Catacombe di San Sebastiano – Si compongono di quattro piani, anche se il primo è stato praticamente distrutto dal tempo. Il martire più famoso che qui giace è San Sebastiano, al quale è dedicata la basilica esteriore, nonostante sia un luogo di culto anche per i seguaci degli apostoli Pietro e Paolo. Via Appia Antica, 136. Vi si può accedere mediante gli autobus 118, 218, 660 e con l’Archeobus. Chiudono le domeniche e dagli ultimi giorni di novembre fino alla fine di dicembre.

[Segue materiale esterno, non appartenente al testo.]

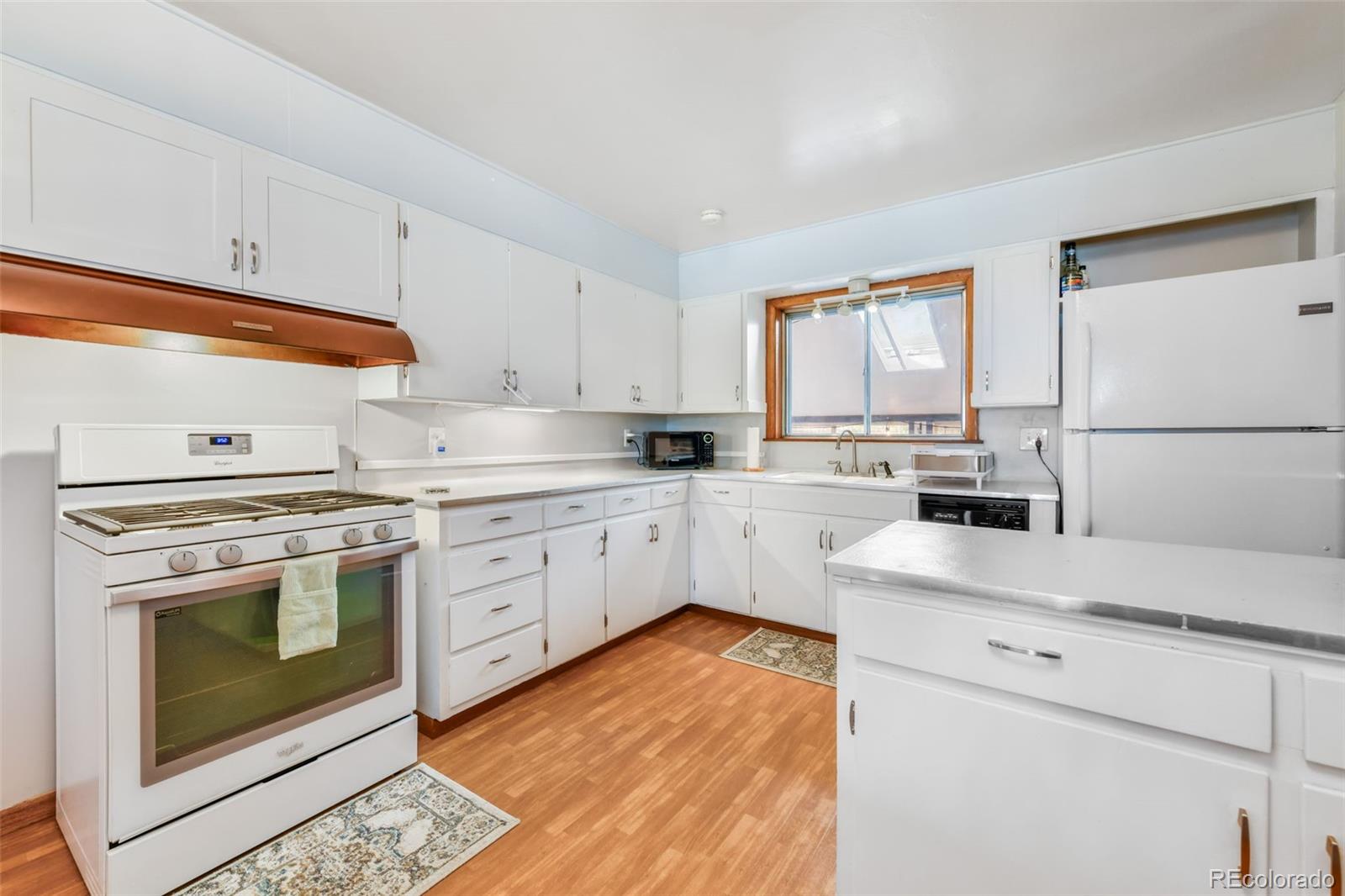 MLS Image #9 for 1802  yuma street,colorado springs, Colorado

Catacombe di Domitilla – Sono le catacombe più grandi di Roma. Si fondarono sulla proprietà della nobile romana Flavia Domitilla, alla quale devono il loro nome. Al loro interno si trova l’impressionante basilica semi-sotterranea dei martiri Nereo e Achille. Via delle Sette Chiese, 280. Ci si arriva con gli autobus 160, 670, 714 e 716. Chiudono di martedì e durante tutto il mese di gennaio.
Lontano dalla Via Appia, nella
zona nord della città, si trovano le altre due catacombe di Roma che attualmente sono aperte al pubblico.

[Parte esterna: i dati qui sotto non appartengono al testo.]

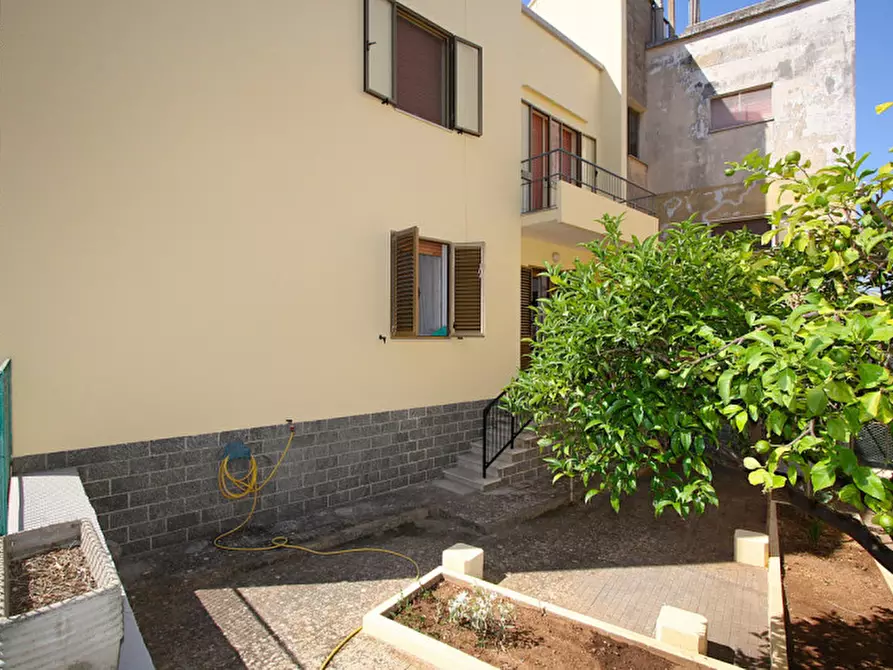 Immagine 5 di Casa indipendente in vendita  in Via Montecassino a Parabita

Catacombe di Priscilla – Sono fra le più antiche e conservano alcuni affreschi di speciale importanza con rappresentazioni della Vergine Maria o dell’Annunciazione. Via Salaria, 430. Le si raggiunge con gli autobus 86, 63, 92 e 310. Chiudono il lunedì e durante il mese di gennaio.

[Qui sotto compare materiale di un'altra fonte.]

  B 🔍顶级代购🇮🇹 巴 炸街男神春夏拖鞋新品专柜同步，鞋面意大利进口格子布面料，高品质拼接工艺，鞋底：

Catacombe di Santa Ines – A soli dieci minuti dalle catacombe di Priscilla. Si situano sotto la Chiesa di Santa Ines, dove attualmente si trovano i resti della martire. Via Nomentana, 349. Chiudono di domenica mattina e di lunedì pomeriggio.
Ovviamente non si trovano solo catacombe sotto il suolo di Roma... Ci sono tantissimi resti archeologici che si nascondono sotto la superficie, così come un paio di
spazi davvero curiosi che crediamo che meritano la pena di essere visitati.
BASILICA DI SAN CLEMENTE

In Via Labicana, 95, nei pressi del Colosseo, questa basilica è una testimonianza di come i romani fossero abili maestri nella riconversione degli edifici, e oggi giorno serve come registro archeologico per l’epoca che va dagli inizi del cristianesimo fino all’Età Media. Sotto l’attuale basilica, accedendo attraverso la sacrestia, si può visitare l’antica chiesa risalente al VI secolo, un tempio pagano dedicato al dio Mitra del II secolo d.C. e l’antica villa romana che occupò inizialmente il luogo. Inoltre, in una delle stanze si può vedere l’acqua che circola attraverso la Cloaca Massima, una delle più antiche condotte fognarie di Roma.
CRIPTA DEI CAPPUCCINI

Al numero 27 di Via Veneto, circondata da eleganti caffetterie e negozi di lusso, si innalza la Chiesa dell’Immacolata Concezione. Dall’esterno sembra una chiesa normale, ma nel sotterraneo nasconde un macabro ed enigmatico spazio. Si tratta del cimitero dei cappuccini, composto da varie cappelle decorate completamente da ossa umane. Crani, coccigi, femori, scopole e vertebre formano mosaici, sculture e complicate decorazione che fanno drizzare la pelle. Le ossa sono per la maggior parte di cappuccini morti fra il 1528 ed il 1870. La cripta chiude di giovedì.